On Thursday, the US Dow Jones was down by one per cent, S&P 500 by 1.75 per cent, and Nasdaq by more than two per cent. Gold futures fell by four per cent, and investors sold bonds as treasury yields widened. On a larger basis, the S&P 500 is seven per cent lower than its high in January 2026, and gold fell 17 per cent in March 2026. The former may be on its way, say experts, to record its worst month since October 2008, which was the height of the ‘Great Recession.’ As we said earlier, you have got nowhere to run, baby, nowhere to hide.
Obviously, the overreaction, or shall we say understatement, in the markets came from contradictory war signals. Iran rejected the 15-point peace plan initiated by the US, even as America maintained that talks were on, and president Donald Trump gave Iran another period of reprieve until early April. Not sure, whether the war was ending, or peace initiatives were in place, global crude oil went up. As an analyst remarked, “There is really no clarity on when this war will end, despite a lot of confusing commentary.” Most of the latter comes from the ‘top,’

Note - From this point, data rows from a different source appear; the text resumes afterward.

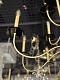 подвесная люстра newport vanessa 3878+4/с brass м0070883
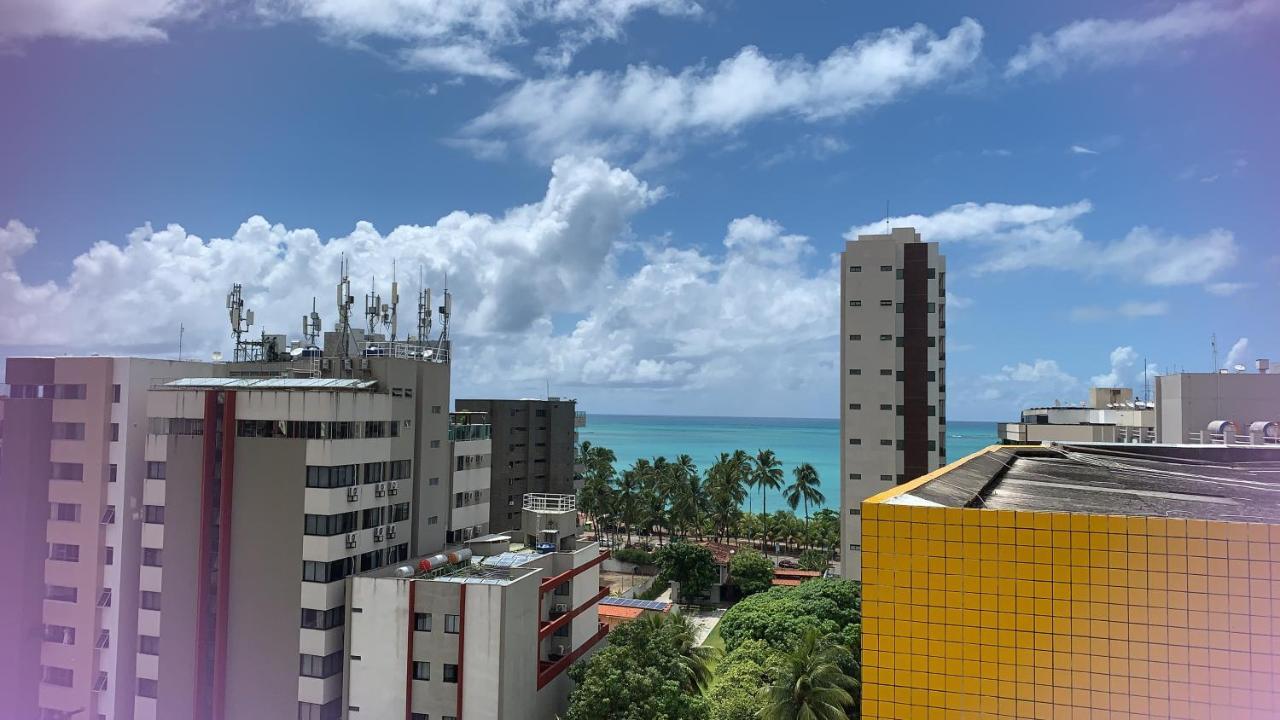 Apartamento Praia De Pajucara Масейо Экстерьер фото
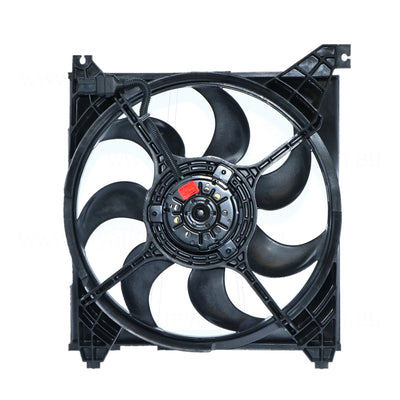 Radiator Fan Assembly Aftermarket Suits Hyundai Santa Fe SM 2000 to 2006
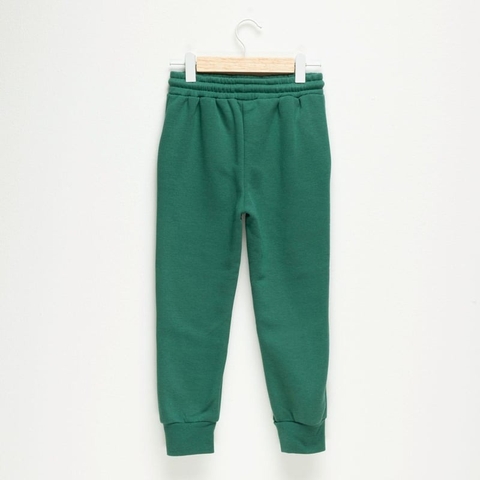 Quần Trẻ Em - Yamp Boys' Flannel Sweatpants 'Green' - QYA-05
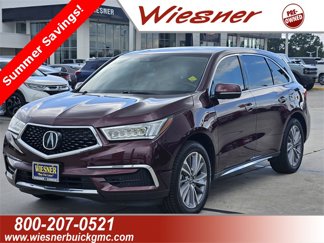 Used 2017 Acura MDX FWD w/ Technology Package image 1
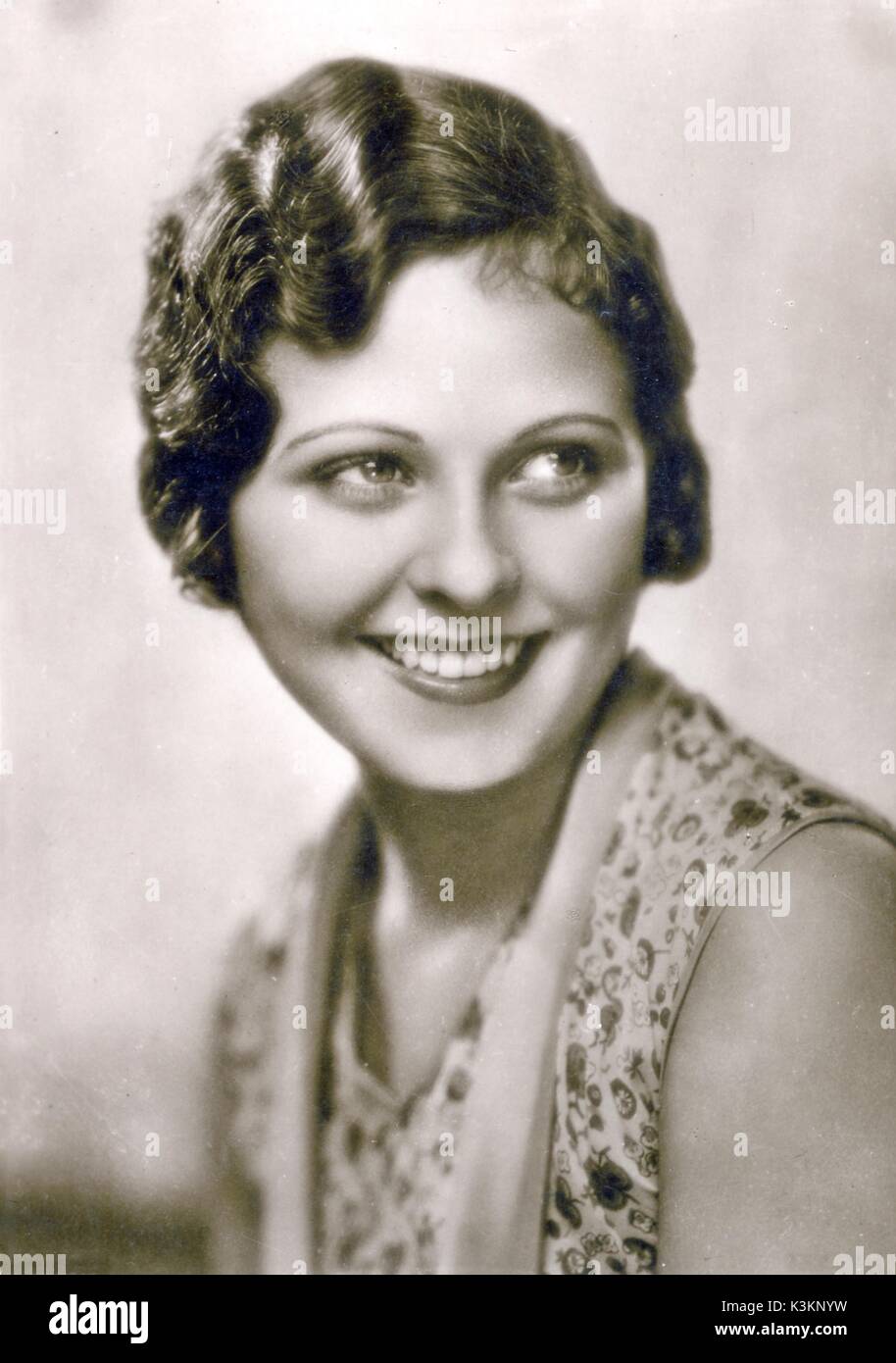 BARBARA KENT Canadian-born Hollywood actress Stock Photo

Another analyst took a more straightforward, yet philosophical, approach. “The Strait of Hormuz remains essentially shut, the conflict is not over, and Truth Social (president Trump’s) posts are not a replacement for concrete diplomatic discussions that can lead to a lasting end to the conflict across the region.” In a sense, statements cannot replace actions, and wishes cannot substitute for strategies. America’s strategy was that the war would end quickly. Now that it has not, there is no other blueprint in place, except for a possible demand of $200 billion from the Congress to continue to fight the war.

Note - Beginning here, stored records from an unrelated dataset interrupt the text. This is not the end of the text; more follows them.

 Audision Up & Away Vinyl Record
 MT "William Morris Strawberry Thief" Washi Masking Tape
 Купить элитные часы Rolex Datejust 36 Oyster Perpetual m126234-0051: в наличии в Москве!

In the recent past, Trump’s statements about peace talks, peace points, peace pauses, and decimation of Iran moved the markets positively. But on Thursday (in the US) and Friday (in India), the possible pause in escalation raised hopes, which were dented by the lack of actual breakthroughs. Finally, on-ground actions trumped messages. In effect, according to analysts, the Indian markets were closed on Thursday, and were forced to play catch-up to the trends in the other markets. Thursday’s volatility in Asia and the US impacted Indian equities.
When a war is on, and each side, including those which are not directly related to the war, resorts to half-truths, hopes, propaganda, and realities, investors react to the present. But the present itself is vitiated, with no clarity. Hence, the reactions are knee-jerk, immediate, with no predictions of what is likely to happen the next day. Over time, investors tend to disbelieve the news and headlines, or over-believe them, which creates more volatility. Finally, the fed-up investors resort to profit-booking at every change they get, and can grab. This enhances the fluctuations, as momentum resets every few hours.
Indeed, on Friday, profit-booking was in the forefront. After the Sensex gained in the previous two sessions, investors lined up to make whatever gains were available. This explains why the Friday fall was broad-based, as the 16 major sectors logged losses. Apart from the large caps, and renowned stocks like Reliance Industries, the small-cap index slid by 1.7 per cent, and midcap one by more than two per cent. Only a few state-owned firms, like ONGC, gained. The oil explorer gained more than four per cent on Friday, and enjoyed its best week in the past two months, as it is a major beneficiary of high crude oil prices.
According to an analyst, “The Indian economy is strong enough to absorb the shock if the war ends, crude cools down, and gas availability becomes normal.” In essence, if things happened as if the war was never there, being played in the minds of the global leaders. However, he adds, “The market hope is that since a prolonged war is in nobody’s interest, it may end soon. The US itself is now looking for an exit strategy.” But exits are clouded by smoke, fire, and flames. Maybe some windows and ventilators will open, as the smoke clears up.